I so often lead a life of humility, very much aware of my own shortcomings - yet other people do not seem to have even this amount of awareness about themselves until later, if at all. Possibly this is a blessing in disguise for me, as I have been forced into acute self-awareness by my very differences from the rest of society. What annoys me is that once again I was right, yet I did not have the courage to believe that.
I will not let this turn me into an arrogant twat, as that is what I despise most in others. However I will have a little more courage in my convictions and be less easily swayed by others' opinions. Some might say I'm already quite stubborn about some things, but these things are practical things with little overall impact where the cost of being wrong is not that great. After all, if you don't make mistakes how do you learn?

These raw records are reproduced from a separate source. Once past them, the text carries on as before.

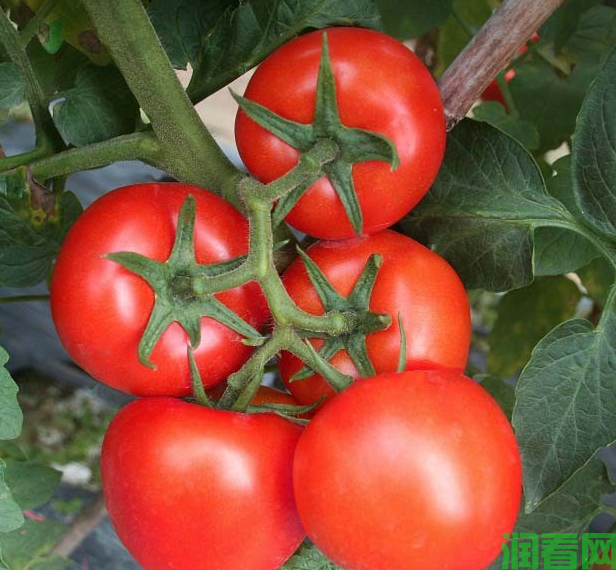 番茄的需肥规律是怎么样？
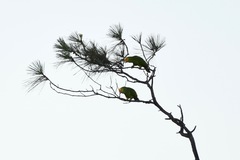 Amazona oratrix belizensis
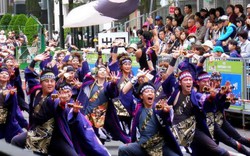 Đà Nẵng sẽ có Lễ hội Hanami đầu tiên
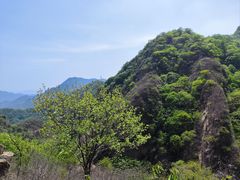 -大岭沟猕猴桃谷风景区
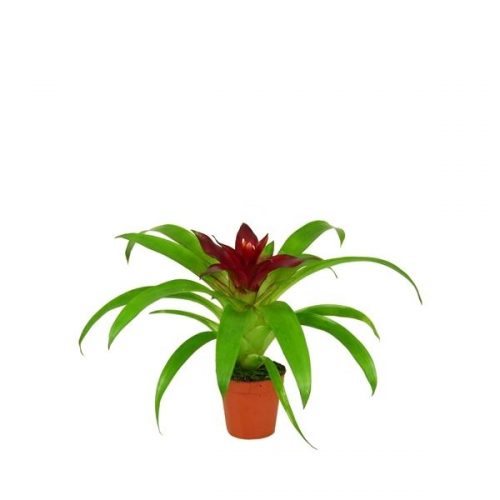 Guzmania intro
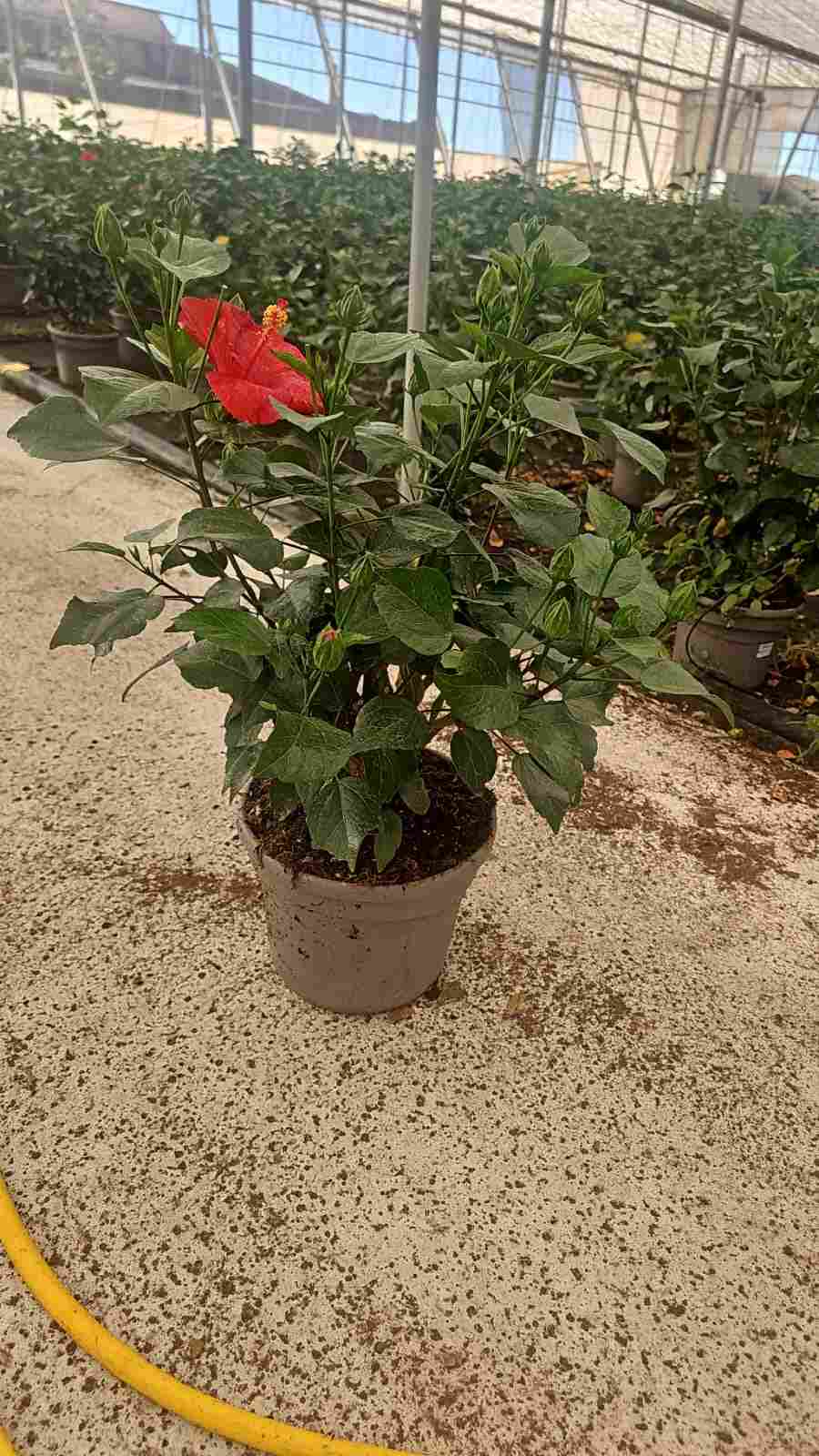 HIBISCUS COLECCIÓN C 23 FANTASY TST A1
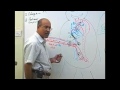 Fetal Circulation | Embryology | Dr Najeeb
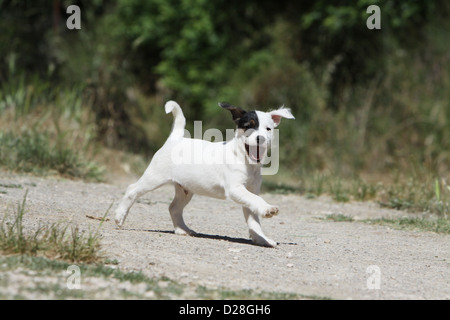 Parson Russell Terrier Welpe Hund Stockfoto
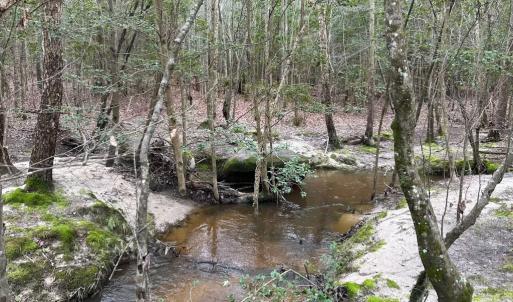 Photo #35 of SOLD property in Off Hilltop Lane, Skippers, VA 70.3 acres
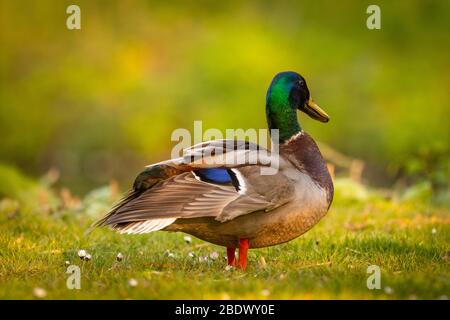 ritratto di un carino uccello anatra mallarda waterfowl immagine calda Foto Stock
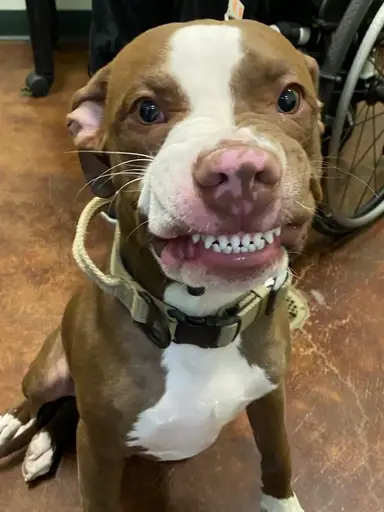 Artwork - Shop My “Made By Me” Art Pieces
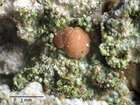 Bacidia rubella (Hoffm.) A. Massal.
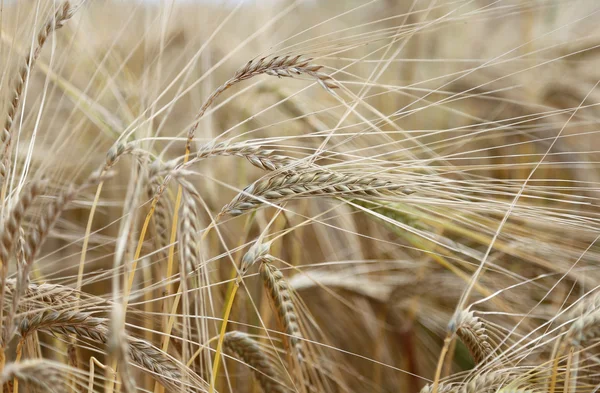 Rijpe tarwe oren in het veld in de zomer — Stockfoto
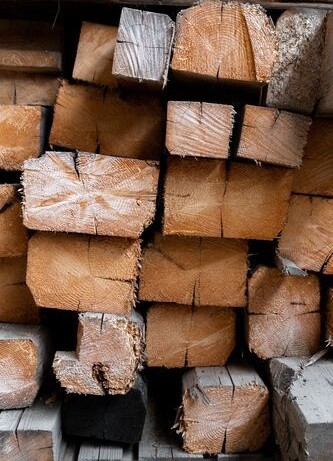 chalet_design_en_bois.jpg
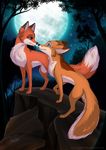  abby ambiguous_gender canine cute feral fluffy_tail fox mammal moon night outside rick rukifox 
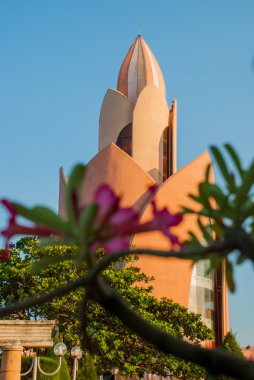 Lotus denir görev arka plan üzerinde güzel kırmızı çiçekler. Nha Trang. Vietnam.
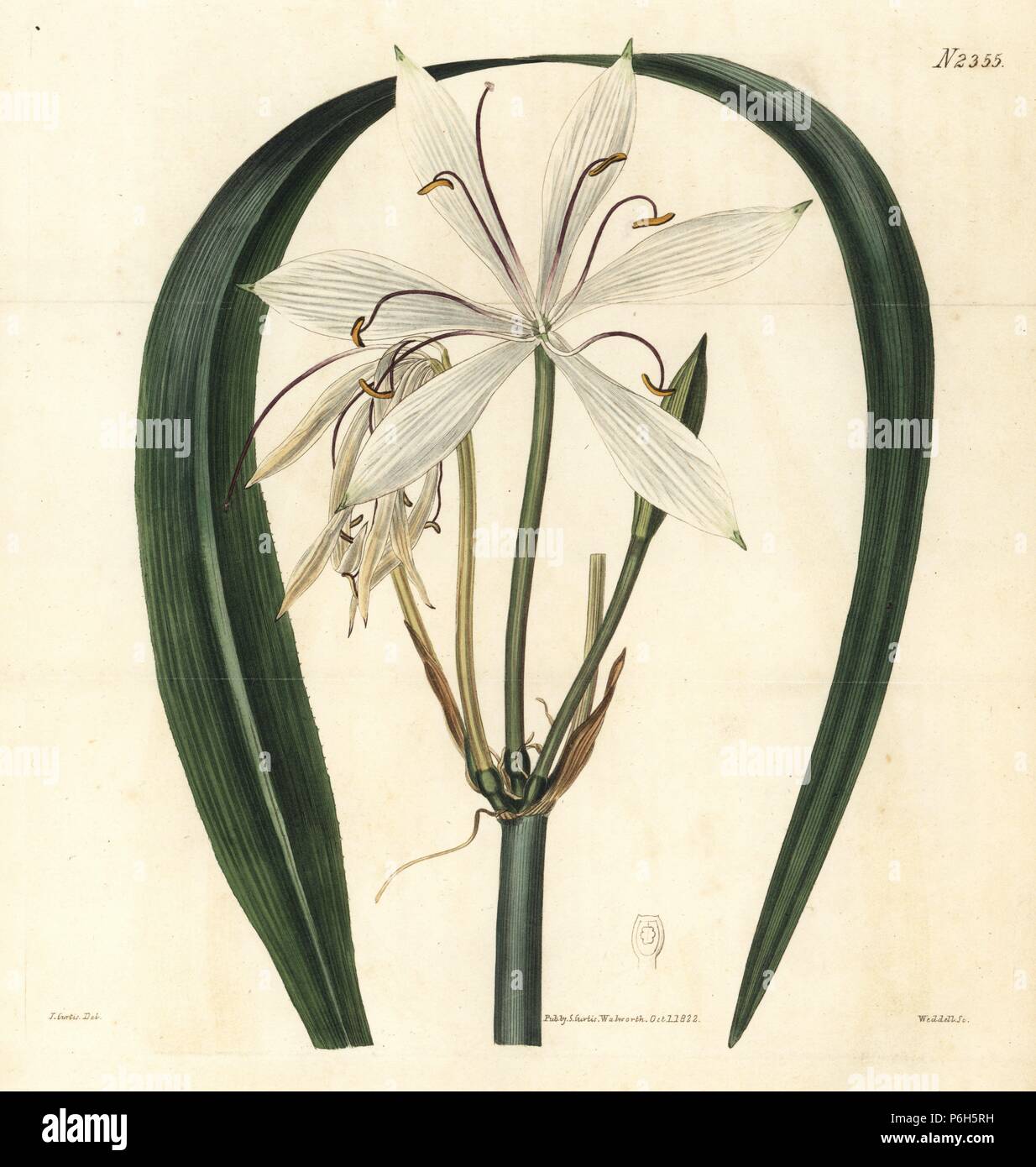 Water island sand crinum, Crinum arenarium. Handcoloured copperplate engraving by Weddell after an illustration by John Curtis from Samuel Curtis's 'Botanical Magazine,' London, 1822. Stock Photo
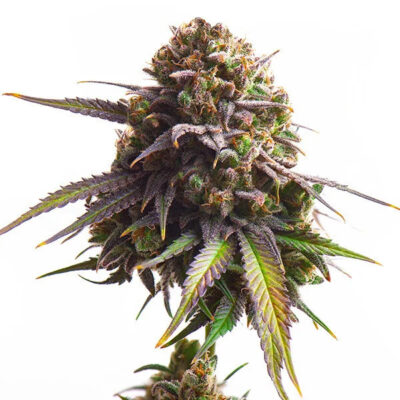 Biscotti Royal Queen Seeds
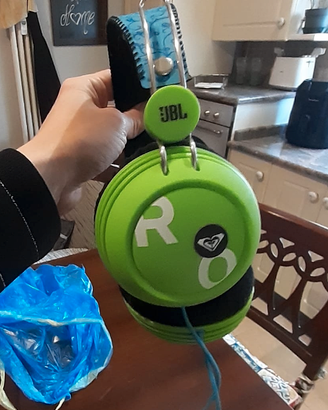 Cuffia JBL ROXY Reference 430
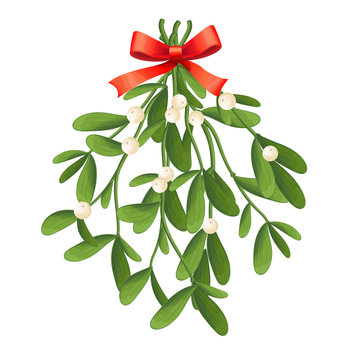 Branch of mistletoe with berries and red bow. A bouquet of Christmas.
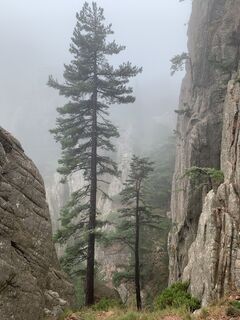 Fotografia z Jako Koel na trase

What gets me with most people is that most prominently they cannot even comprehend that they cannot know their mind in the future. This scares me a lot, actually. If you can't comprehend that you cannot know your mind in the future, how can you make life-altering decisions like whether to be sterilised, or whether to get married, or whether to have children? Yes, there is no certainty to any of it, but if you are so unaware of yourself that you cannot accept that you cannot know your mind in the future, then I guess you will make decisions that turn out to be wrong for you. I guess this is how mistakes are made.. *shrug*.
The trouble with this realisation is it makes me a fence-sitter. I have trouble committing, knowing that I cannot know my own mind in the future. Some might say I have too damn much perspective, myself included.